My OpenServer 5.0.6 system seems to be suferring random go slows, and
I am getting data out of sar suggests strongly that it is a disk
system bottleneck and I should increase my NBUF to cope better with
it... My big issue is that I really have absolutley no idea how to
increase the NBUF figure, nor do I know how much to increase it by so
as not to run myself low of memory in the system
Can someone let me know...? Or point me to instructions?
Just incase it make a difference, the system itself is an Intel Mobo
with dual P3 Xeon processors and 1Gig of physical memory. I beleive
it has been configured to have 3gig swap. The disk system is a SCSI
RAID5 + hotspare thing, with 4 10000rpm 36g scsi drives...
Thanks
googleboy.
There are many ways to see how much memory is free. To see current free
memory, run `sar -r 1 1` and `swap -l`:
$ sar -r 1 1
SCO_SV deeptht 3.2v5.0.6 PentIII 06/25/2003
00:47:20 freemem freeswp availrmem availsmem (-r)

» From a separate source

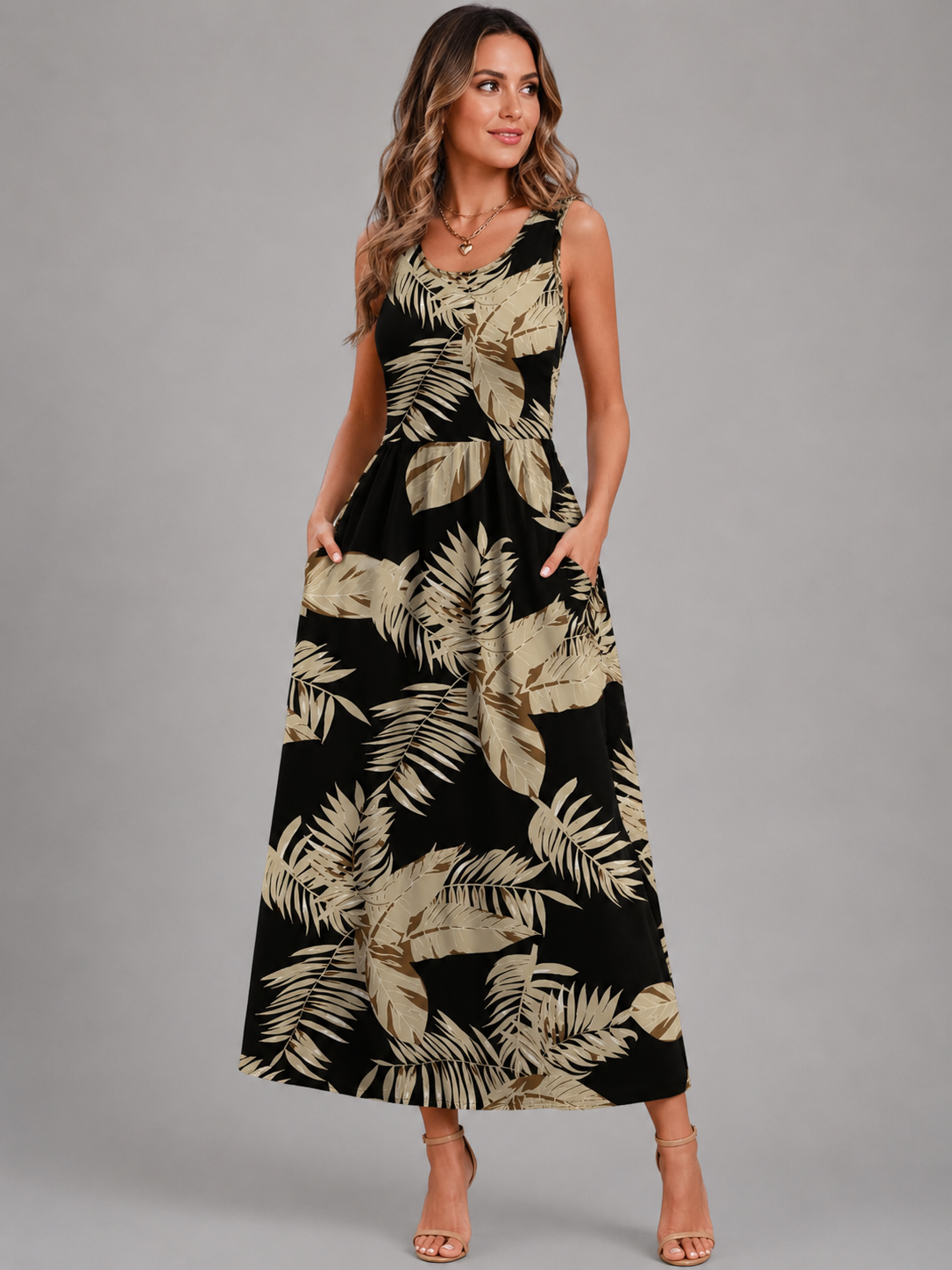 Franziska | Boho-Midikleid mit Neckholder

00:47:21 530044 6307456 621592 1315542
$ swap -l
path dev swaplo blocks free
/dev/swap 1,105 0 6307456 6307456
Unfortunately, the units here are of two sizes. The swap numbers (last
two columns of `swap -l`, and the "freeswp" column of `sar -r`) are in
1/2K units. The three "mem" numbers are in 4K units.

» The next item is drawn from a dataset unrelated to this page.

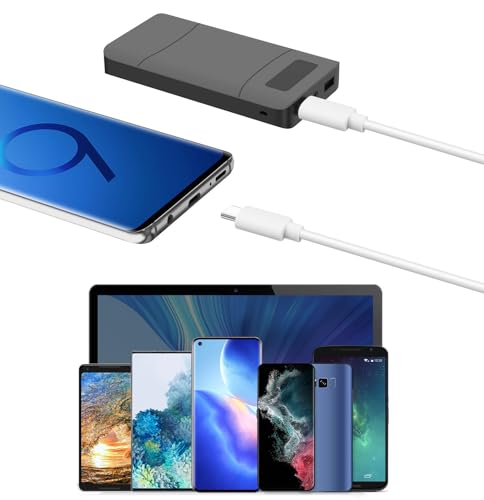 5-Pack 12 Inch Short USB C to USB C Cable White for iPhone 15 16 17 Pro Max - color: White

The `swap -l` output shows that 3153728K (slightly over 3GB) of swap
space is free, and that _all_ swap space is free ("blocks" and "free"

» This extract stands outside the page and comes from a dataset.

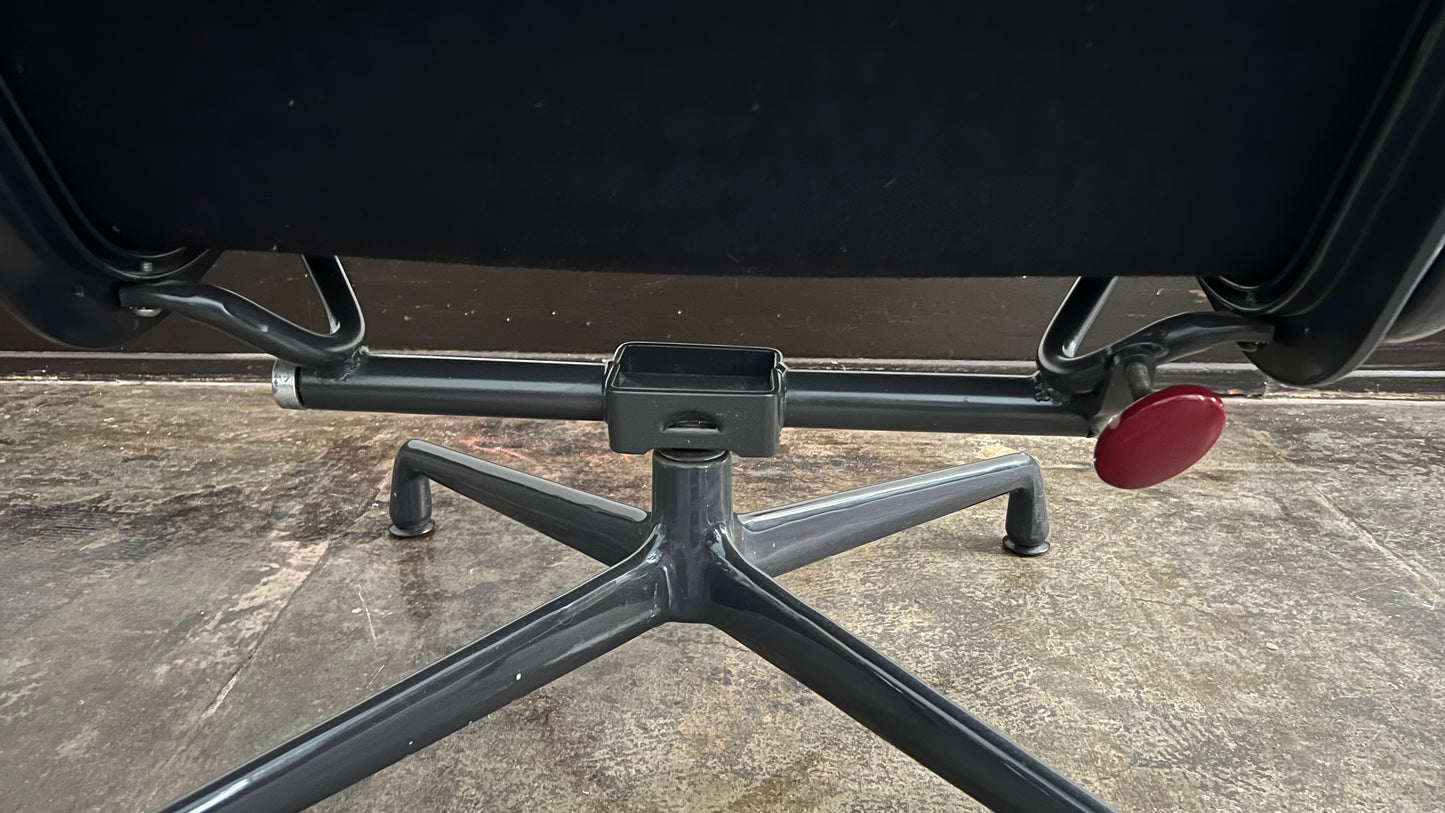 Soft Pad Lounge Chair with Ottoman by Ray and Charles Eames for Herman Miller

are identical). That part is important: it shows that the system has
never needed to swap since it's been up. In other words, it has more
memory than it needs to handle the load.
"freemem" shows how much RAM is currently free. It's in 4K units, so
2120176K (slightly over 2GB) is currently free.
If you turn on periodic `sar` sampling (see sar_enable(ADM)), you can
get a long-term picture of how much memory your system is using.
Now, on to your specific question. You don't want to increase NBUF so
much that the system actually runs out of memory and has to start
swapping. So you look at memory usage periodically (by hand, or by
`sar` sampling). Then you can increase NBUF to consume most of the
different.
Note, however, that NBUF cannot be larger than 450000 (450MB) on
OpenServer. If you find that you consistently have 800MB free, you
still can't use all of it for buffer cache.
A commercial product, "SarCheck", analyzes `sar` output and makes tuning
recommendations. www.sarcheck.com. I believe you can download a demo
version to "try before you buy".
>Bela<
Increase NBUF to maximum value:
idtune -m NBUF 450000
Then relink kernel and reboot.
Andrey Bondar, SysAdmin,
T.I.P.A.S. Ltd., Lithuania
On a different angle, if your raid controller support RAID 1+0, then
reconfigure your hard drives. You will have to unload/reload with a
supertar.
I have seen RAID 5 causing a bottleneck, normally with a database and
numerous small writes. The RAID 1+0 has better performance in the same
test. With a three drive RAID 5 and one spare you can sustain a single
hard drive failure without loss of data ( performance will be hurt even
more during the rebuild ) but a second failure will cause a total volume
loss. With RAID 1+0 you can have a single drive failure with no loss
of data ( performance degredation will occur when the failed drive is
replaced, but its less noticable then with RAID 5 ), and it is possible
that a second hard drive can fail without the volume going down. A third
failure before any drive replacement will always kill it. So RAID 1+0
is no less secure than RAID 5, has better performance and you already
own the four drives.
Mike
--
Michael Brown
The Kingsway Group